Many women’s first experience with beauty products occurred in drugstores, which may not be a glamorous memory. Those who’ve moved on to department stores or Sephora for most of their make-up needs may find buying in drugstores has all the panache of buying cough medicine a few aisles over.
The new CVS BeautyIRL store-within-a-store is trying to upgrade that experience by introducing more salon-style services and sleek design at its flagship stores located in New York, Massachusetts, Connecticut and Florida.
To drive home the point that something different is going on, CVS enlisted OmniVirt, the VR/AR ad platform, which designed an interactive 360-degree look at the new stylized cosmetics department.
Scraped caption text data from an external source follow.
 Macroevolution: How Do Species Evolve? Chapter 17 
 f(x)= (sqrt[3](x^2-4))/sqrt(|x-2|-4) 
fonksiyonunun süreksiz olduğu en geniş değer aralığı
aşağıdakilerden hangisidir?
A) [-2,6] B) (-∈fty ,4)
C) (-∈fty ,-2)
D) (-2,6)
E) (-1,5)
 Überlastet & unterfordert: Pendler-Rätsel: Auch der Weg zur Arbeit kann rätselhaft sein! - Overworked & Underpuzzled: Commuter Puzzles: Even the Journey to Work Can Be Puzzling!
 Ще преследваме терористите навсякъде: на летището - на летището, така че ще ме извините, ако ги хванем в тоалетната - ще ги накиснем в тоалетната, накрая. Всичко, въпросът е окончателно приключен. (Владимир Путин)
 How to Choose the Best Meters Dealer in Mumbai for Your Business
The ads feature hot spots consumers can click on for a better look at the array of goods.
That includes a closeup of the services from Glamsquad, the on-demand beauty service that makes house, office and hotel calls in a few big cities that will also have a presence at CVS stores.
The in-store application is a new one for OmniVirt, which has been used to show off real estate or travel destinations, automobiles like Nissan and Toyota and behind-the-scenes promos for Netflix, Universal and NatGeo. A while ago on Pinterest, OmniVirt worked with Home Depot to create a panoramic view of rooms in a home that used products from the stores in DIY projects.
The idea of 360-degree or virtual reality videos in advertising isn’t yet common. “It’s novel,” says Ara Parikh, the product marketing manager, “but it’s not a novelty because more and more people see it’s effective and powerful.”
OmniVirt worked with creative agency Standard Black and media agency Universal McCann to make the CVS BeautyIRL ads, but Parikh points out anybody could produce an ad quickly using OmniVirt’s online tools.
The company’s own study says completion rates for 360 degree videos are 46% higher than for regular videos, and 86% of users interact with the videos. Visitors wander around for an average of 31 seconds, which would seem to be a salient detail — since CVS undoubtedly would like consumers to wander around BeautyIRL, too, one way or the other.